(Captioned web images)
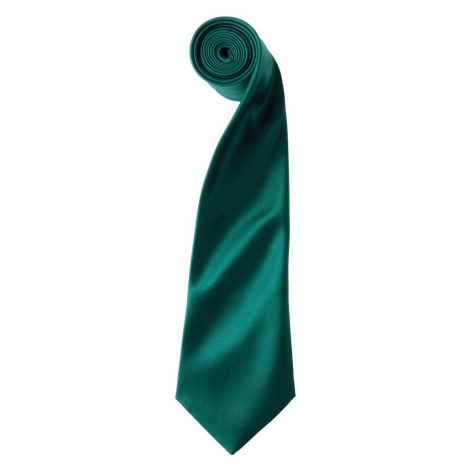 Premier Workwear Saténová kravata - Fľaškovo zelená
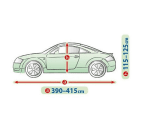 Покривало за кола за купе Kegel Mobile Garage, размер М, сиво
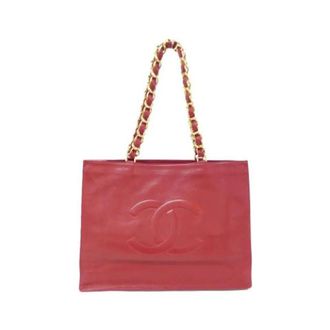 Chanel Bolso de hombro de piel de cordero Pre-owned - Pre-owned - Mujer - Rojo - ONE SIZE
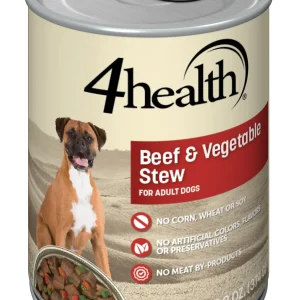4health with Wholesome Grains Beef & Vegetable Stew Canned Dog Food, 13.2 oz.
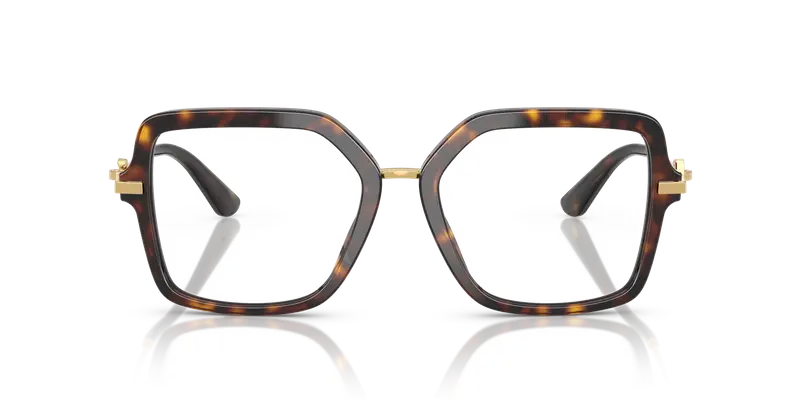 Dolce & Gabbana Donna DG3396 502 Montature da vista Acetato Tartaruga Trasparente Squadrata Normale miniatura 2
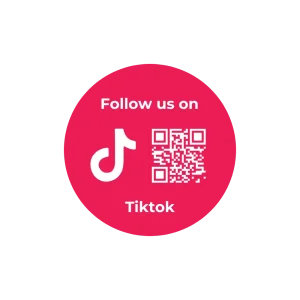Tiktok NFC & QR Phone Tags Stickers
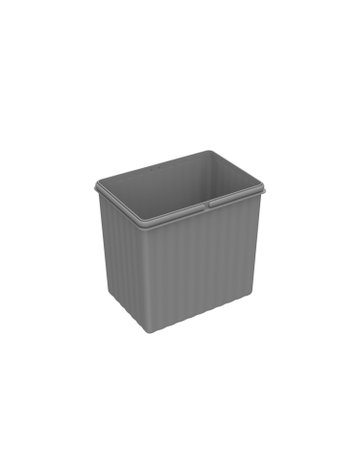 Eimer 16 l, Kunststoff, grau, B x T x H 223 x 310 x 295 mm, Für Abfallsystem Bin.it Easy - Hettich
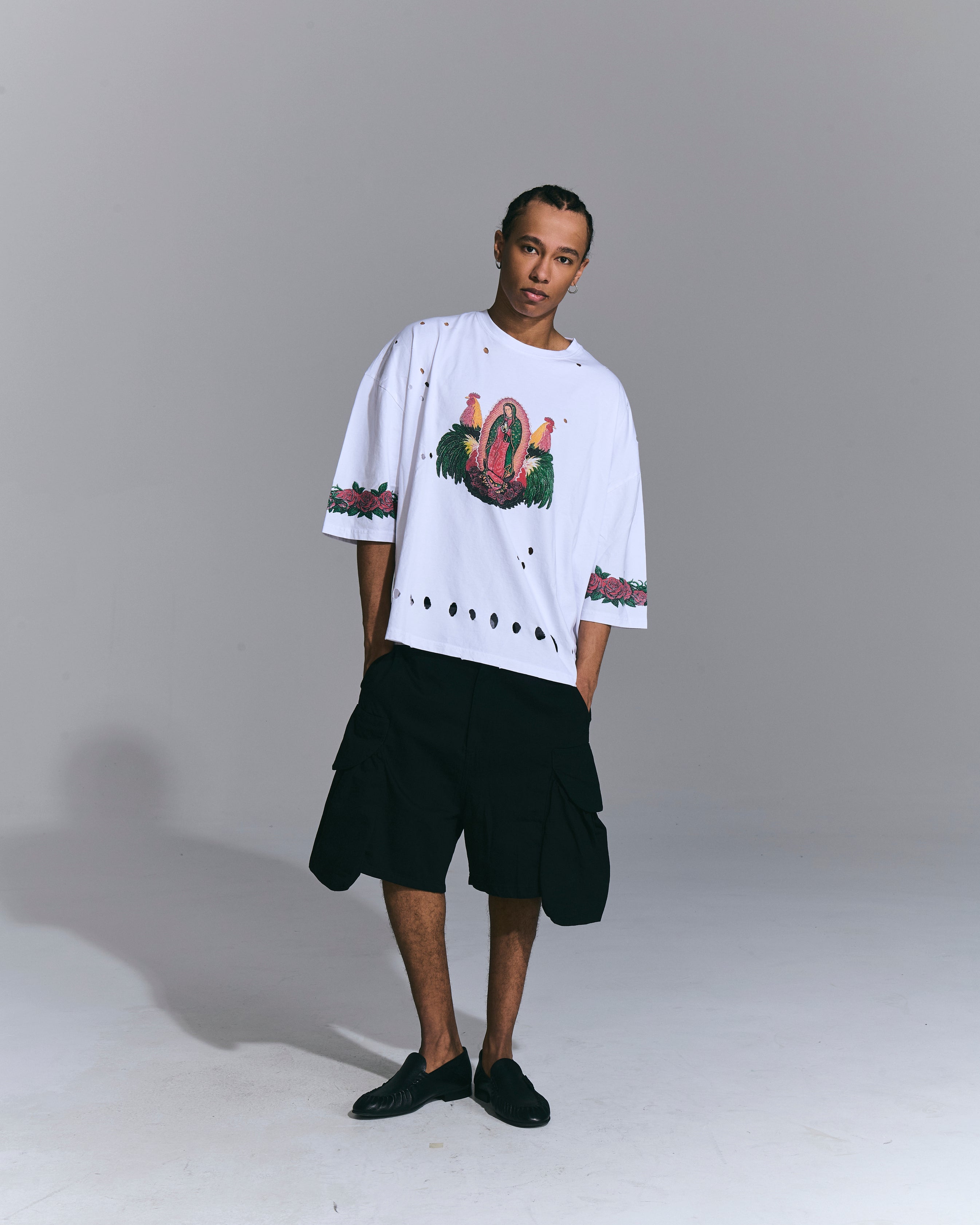 T-Shirt Oversize “Guadalupe” White
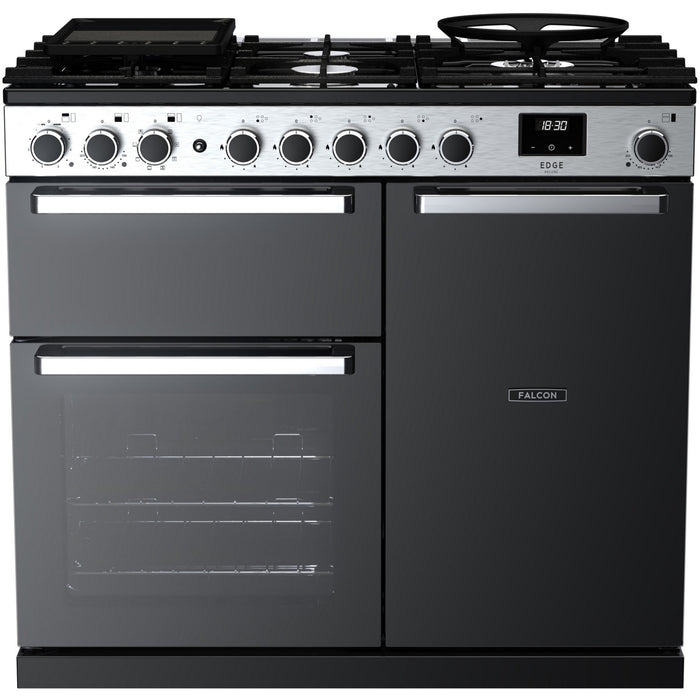 Piano de cuisson gaz FALCON EDGE DELUXE TAB GAZ 100 CM VERRE NOIR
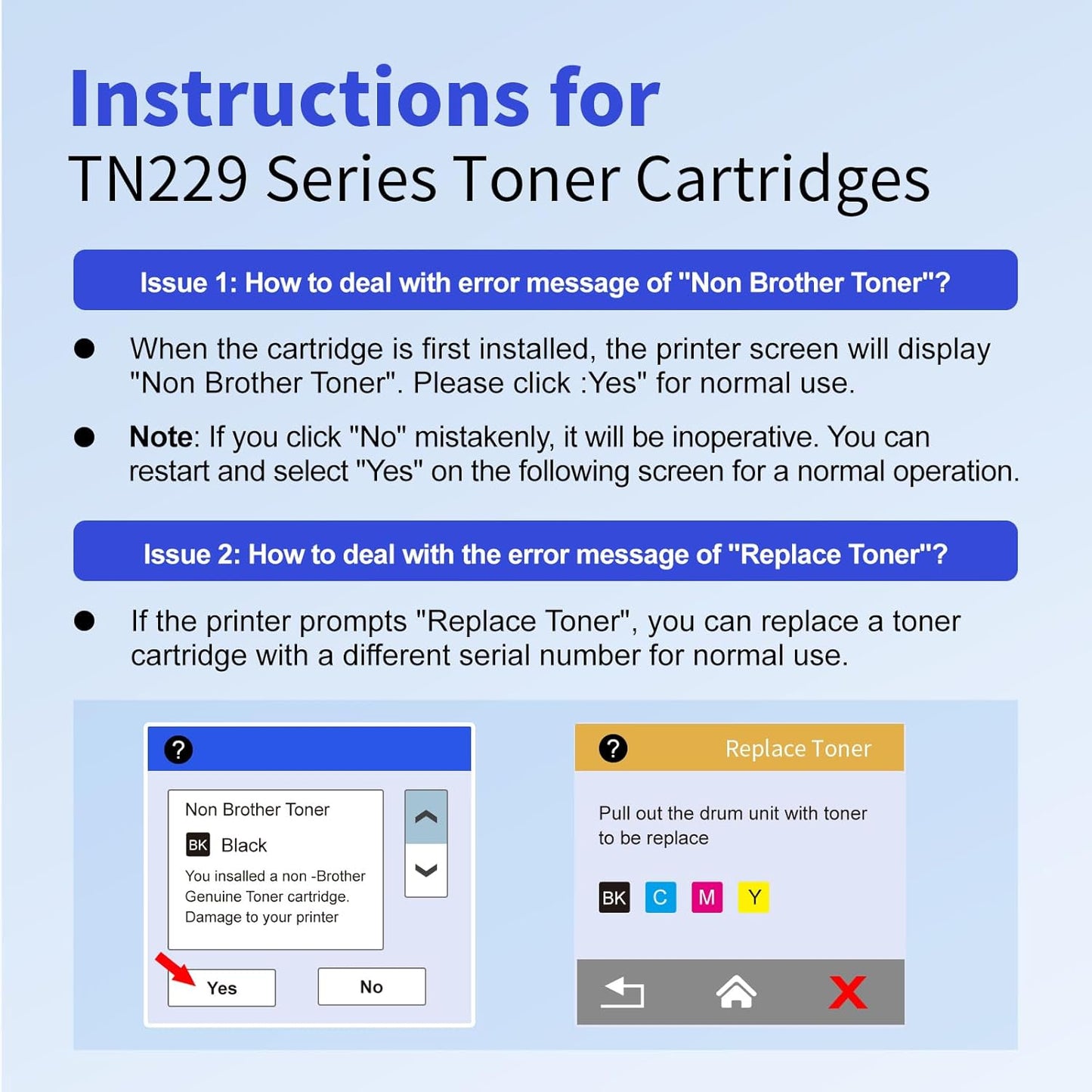 Brother TN229XL Toner - High-Yield Compatible Replacement Cartridge - 5-Pack for MFC-L3780CDW & More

:: Aim of the task ::
Return each entry above unchanged. Leave the pictures out.

:: Result for this exercise ::
 Premier Workwear Saténová kravata - Fľaškovo zelená
 Покривало за кола за купе Kegel Mobile Garage, размер М, сиво
 Chanel Bolso de hombro de piel de cordero Pre-owned - Pre-owned - Mujer - Rojo - ONE SIZE
4health with Wholesome Grains Beef & Vegetable Stew Canned Dog Food, 13.2 oz.
 Dolce & Gabbana Donna DG3396 502 Montature da vista Acetato Tartaruga Trasparente Squadrata Normale miniatura 2
Tiktok NFC & QR Phone Tags Stickers
 Eimer 16 l, Kunststoff, grau, B x T x H 223 x 310 x 295 mm, Für Abfallsystem Bin.it Easy - Hettich
 T-Shirt Oversize “Guadalupe” White
 Piano de cuisson gaz FALCON EDGE DELUXE TAB GAZ 100 CM VERRE NOIR
 Brother TN229XL Toner - High-Yield Compatible Replacement Cartridge - 5-Pack for MFC-L3780CDW & More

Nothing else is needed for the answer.